TASK DIRECTIONS: Copy nothing past the line containing "It was the lesson". Transcribe every line of the listing below up to and including it, from the first, except pictures.

[INPUT DATA — start]

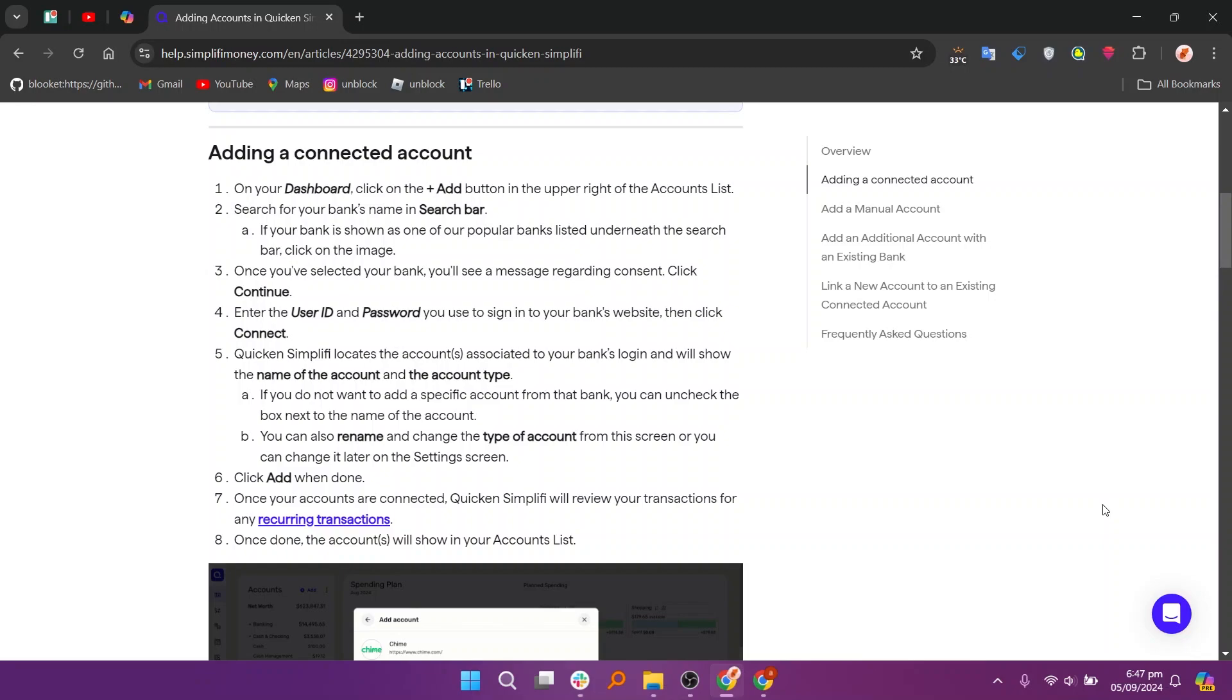You can also rename and change the type of account from this screen, or you can change it later on the settings screen. Then click add when done.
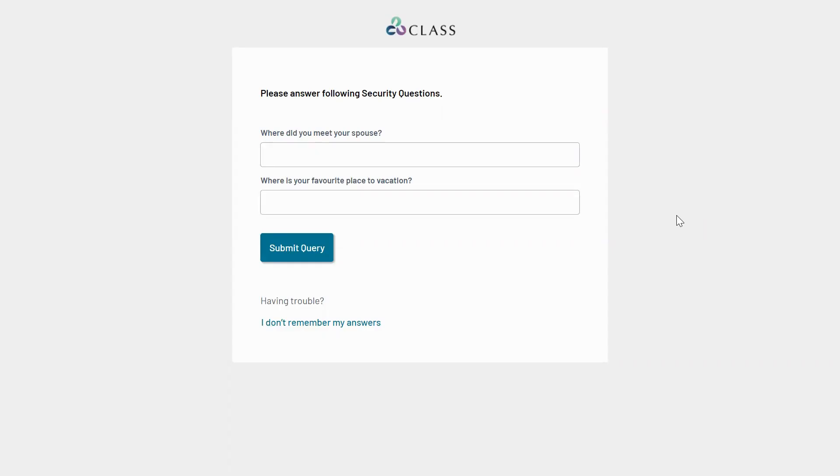There are a few reasons you may need to reset MFA for a user. One is if they've lost or changed a device. Another is if the user prefers to switch to a different MFA method, for example SMS.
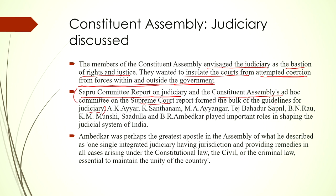It was the lesson learned during the colonial struggle that pushed them to ensure that the judiciary would be the bastion of rights and justice, insulated from coercion from forces within and outside the government. The Sapru Committee Report on Judiciary and the constituent assembly's ad hoc committee on the Supreme Court formed the bulk of guidelines for judiciary in India. Key figures including A. K. Iyer, K. Santhanaman, M. A. Youngar, Tej Pratap, Sapnur, B. N. Rao, K. M. Munshi, Sadulla and B. R. Ambedkar played a very significant role in shaping the judicial system in India. They sat for long hours during the constituent assembly debates and came out with the final proposal that Indian judiciary should be an integrated whole.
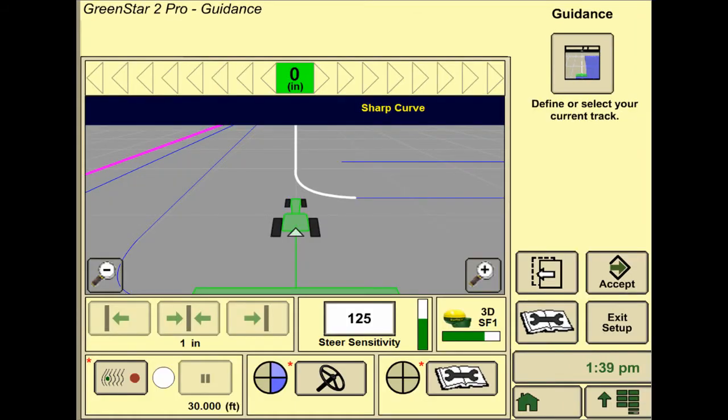Page seven is similar to the guidance page, and we are going to set up a new AB line, name it, and set it. Once that is done, we can hit accept, or the green arrow, and the setup is complete.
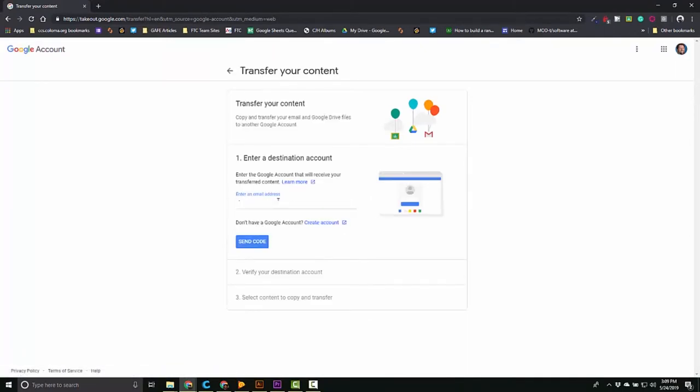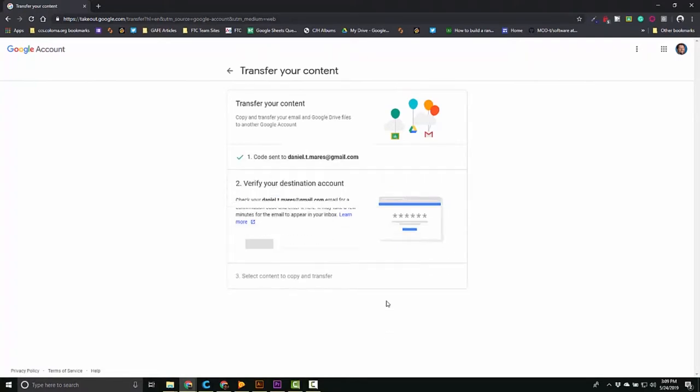Right here is where you're going to enter your new email address or your personal email address wherever it might be and you're going to get a code sent to that email. So that code is going to come and it's going to be in your inbox in just a second. I'm going to go over and grab mine.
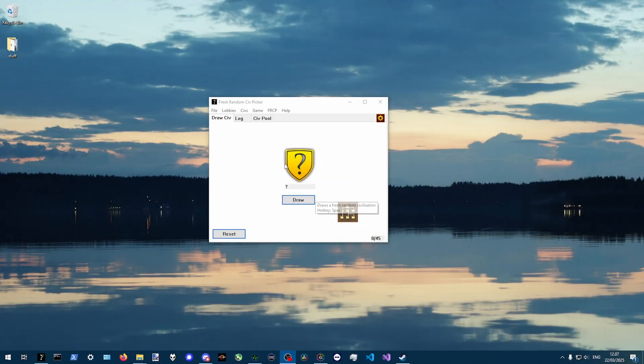This is the fresh random civ picker. Now the first question you might ask, why is this needed? Since the game already lets you pick a random civ.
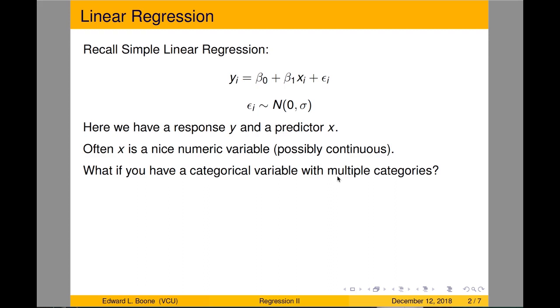Welcome to the video tutorial on linear regression with categorical variables in R. This time we're not going to actually use R. We're just going to go through some of the math so that we can make sense of what R gives us.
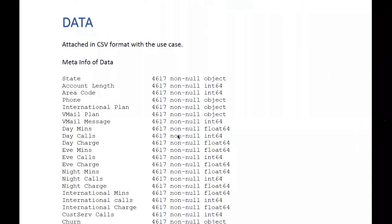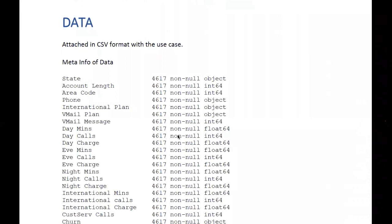So we should find the churn rate based on this data, identify which are the influential features, and create a predictive model that, given new data, can predict whether a customer will churn or not. This is much simpler than the banking credit project, and it's also a highly-used practical use case in the industry.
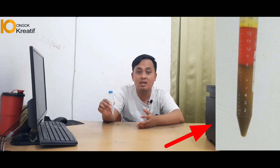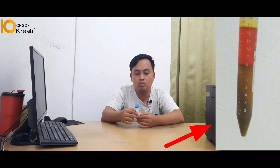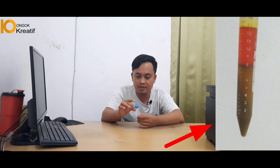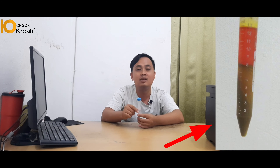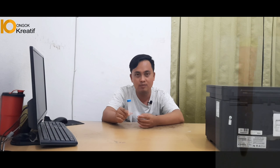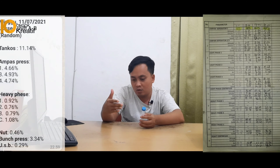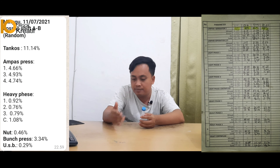Setelah kita mempersiapkan beberapa alat yang kita butuhkan dan sampel yang sudah kita sediakan, yang perlu kita ingat ialah tujuan untuk menganalisa dengan centrifuge adalah untuk mengetahui berapa persen minyak, emulsi, solid, dan kadar air yang terkandung di dalam suatu sampel tersebut. Dengan tujuan untuk meminimalisir terjadinya losses, dan ini dilakukan setiap 2 jam sekali.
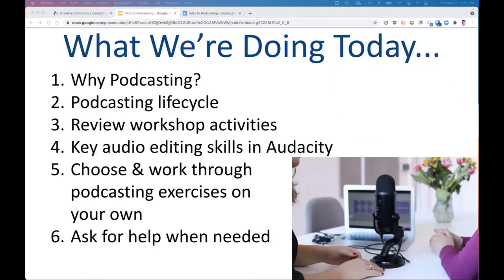This is just a quick outline of what we're going to do today. Most of what we're going to be doing is actually hands-on, but I'll start by introducing podcasting and talking a little bit about it before we get to the hands-on activities.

[INPUT DATA — finish]

RESULT BELOW:
You can also rename and change the type of account from this screen, or you can change it later on the settings screen. Then click add when done.
There are a few reasons you may need to reset MFA for a user. One is if they've lost or changed a device. Another is if the user prefers to switch to a different MFA method, for example SMS.
It was the lesson learned during the colonial struggle that pushed them to ensure that the judiciary would be the bastion of rights and justice, insulated from coercion from forces within and outside the government. The Sapru Committee Report on Judiciary and the constituent assembly's ad hoc committee on the Supreme Court formed the bulk of guidelines for judiciary in India. Key figures including A. K. Iyer, K. Santhanaman, M. A. Youngar, Tej Pratap, Sapnur, B. N. Rao, K. M. Munshi, Sadulla and B. R. Ambedkar played a very significant role in shaping the judicial system in India. They sat for long hours during the constituent assembly debates and came out with the final proposal that Indian judiciary should be an integrated whole.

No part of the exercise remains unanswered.